A campaign has been launched to save the threatened facilities that are just 540 yards from Eilean Donan Castle which attracts half a million visitors a year.
Campaigners led by the Dornie and District Community Hall Committee want the Highland Council to reconsider withdrawing funding which they claim makes running the facility impossible.
Chairman of the hall committee Donald Finlayson believes the closure could damage tourism, create a sanitation problem, and damage the image of the area.
Mr Finlayson said: “Due to their location by the A87 opposite Eilean Donan Castle, and the presence of parking and disabled access, the volume of use of these facilities is extremely high.
“Coach tours, HGVs, holidaymakers and people travelling to and from work all make use of them.”
“Can you imagine the damage done to the reputation, not only of the Dornie area but the whole of the West Highlands, when elderly and disabled people have nowhere to go to relieve themselves?”
Mr Finlayson believes closure would be a “disaster” for tour companies due to the lack of alternatives services between Fort William or Inverness going to Skye.
The council suggestion of adopting its Comfort Scheme that allows the toilets to qualify for part funding has been rejected as it “would not cover one-third of the present costs.”
Another alternative that a 50p charge could be levied for use of the toilets would entail major alterations to the building and more expense.
Mr Finlayson said: “We made it clear that termination of the existing contract between the Hall and the Council will result in immediate closure.”

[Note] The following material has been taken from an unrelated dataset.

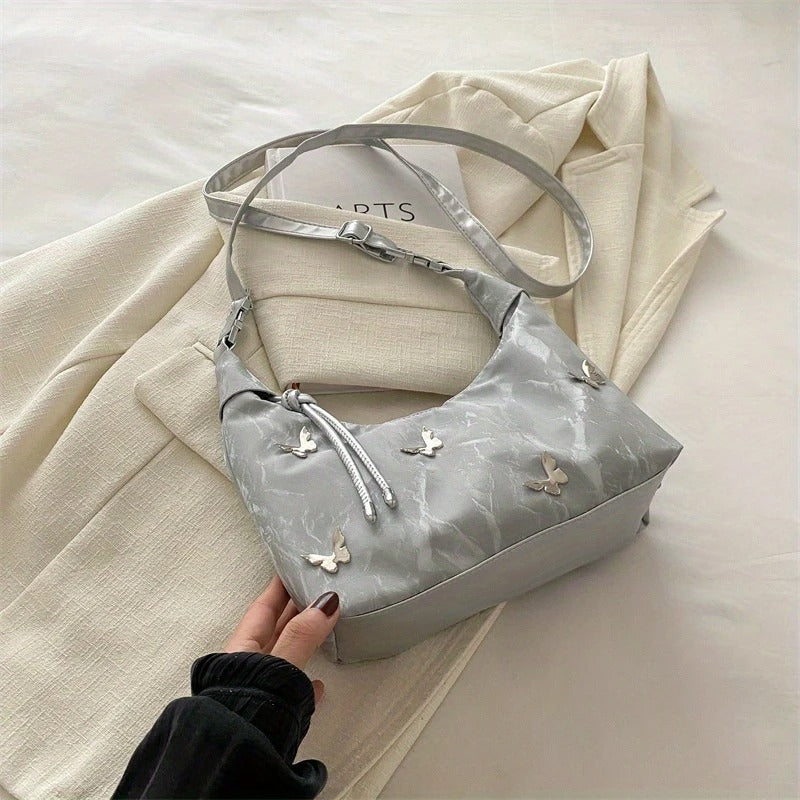 Butterfly-Embroidered Shoulder Bag ..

The campaign has won the support of the Community Council and of the local Highland Councillor Isabelle ‘Biz’ Campbell.
She said: “I will lead the charge to get this resolved. In the budget the savings were made to protect jobs.
“My argument is that there are more jobs in tourism in the Highlands than in less-important council positions.”
A council spokeswoman said: “This facility is already in community ownership, we had a third party agreement with them for us to arrange for cleaning and stocking of it.
“We have offered a Comfort Scheme for them to continue to open their facilities to the public but they would be responsible for cleaning and stocking, if they do not wish to accept this then the facility would close and we would look for an alternative Comfort Scheme in the area.
She added: “It would not be the Council closing the site as it is not our facility.”